Opened last month, Memento mori will be on view through March 27, 2014.
Changing Spaces is a project run by the artists, situated in an empty commercial space, now redefined through various art exhibitions and events. Over 400 artists have realized their exhibitions in this Cambridge space, including shop window displays and pop-up shows. Currently, Changing Spaces is led by a team of volunteers, including its directors.
Black Rat Projects announced the concurring editions of two prints by their artists, one is Butch Anthony’s “Frida”, and the second one a collaborative piece by Candice Tripp and Giles Walker. Frida is a portrait of an iconic Frida Kahlo with monkey, changed through lined interventions by Anthony. “They Say This One Will Be Different” is the name of the collaborative prine, as it marries two different, but curiously compatible drawing styles.
Black Rat Project will also be participating at the Battersea Affordable Art Fair from March 13 to 16, so all the skull and bones and pretty art lovers are advised to visit.
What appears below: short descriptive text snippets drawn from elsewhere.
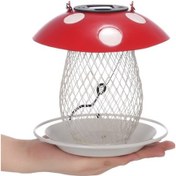 Resim Opulentliving Güneş Enerjili Mantar Kuş Yemliği Ve Aydınlatması - Dış Mekan Kırmızı Kırmızı 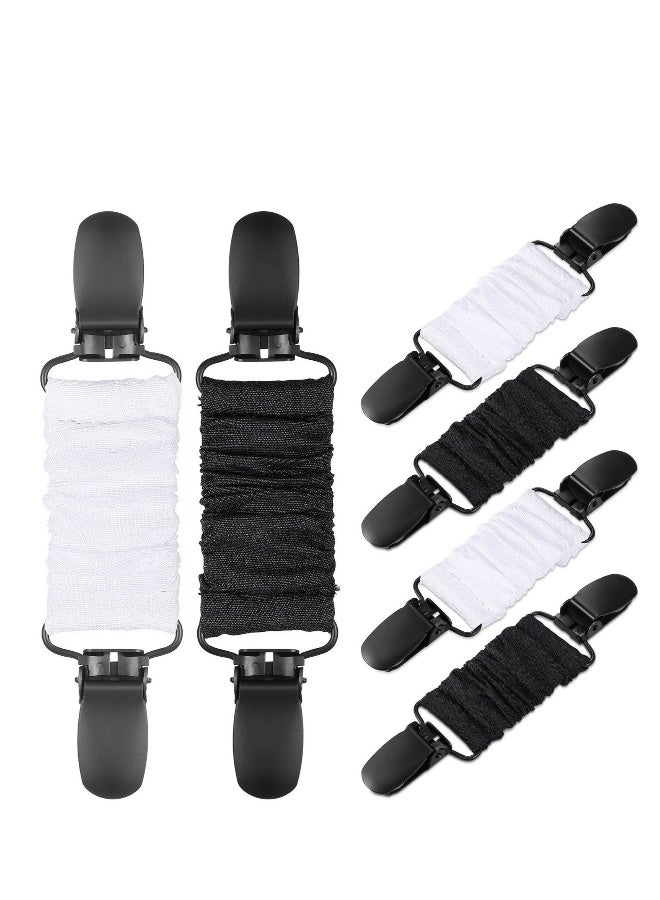 6 Black Tie Clips - Elastic Cinch Clips Dress Clips Clothes Tightening Clip for Fit on Shirts, Dresses,  Ideal for Men, Women, and Kids - Image 1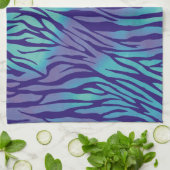 水色の青と紫のゼブラストライプ キッチンタオル (折り畳み)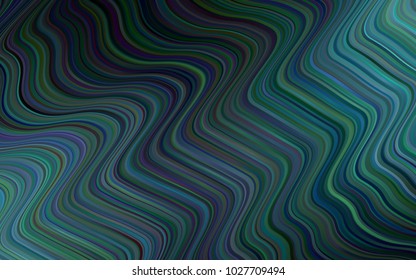 Dark BLUE vector background with abstract circles. Modern gradient abstract illustration with bandy lines. Memphis design for your web site.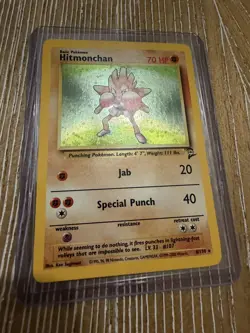 Pokemon Base Set 2 Hitmonchan Holo #8/130 NM - Image 2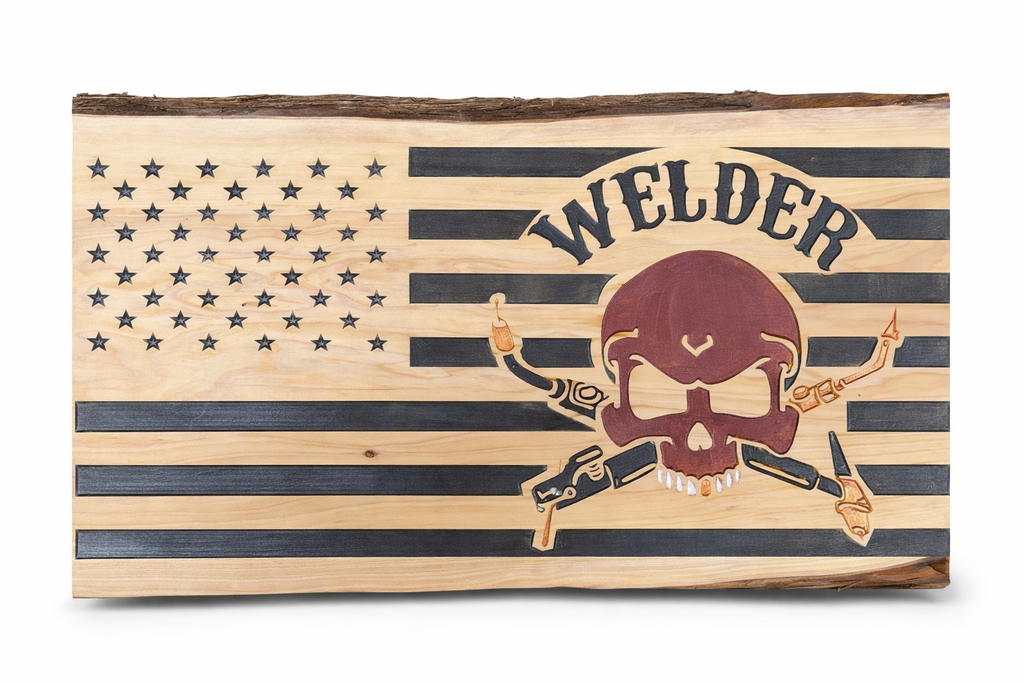 Welder American Flag Wood Plaque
Black Rat Projects is run by a lovely and enthusiastic duo of Danae Prassides and Tiffany Newton. Since 2007 it has been supporting and promoting artists from the UK and the international scene, whose styles exude a contemporary spirit expressed through traditional techniques. Urban art has been one of the central focuses of the Black Rat effort to transfer it to the gallery space. The print editions published by the project can today be found in collections worldwide, including the collection of Victoria and Albert Museum and the Tate Modern. The new space of Black Rat Projects is located in Soho, on Bateman Street.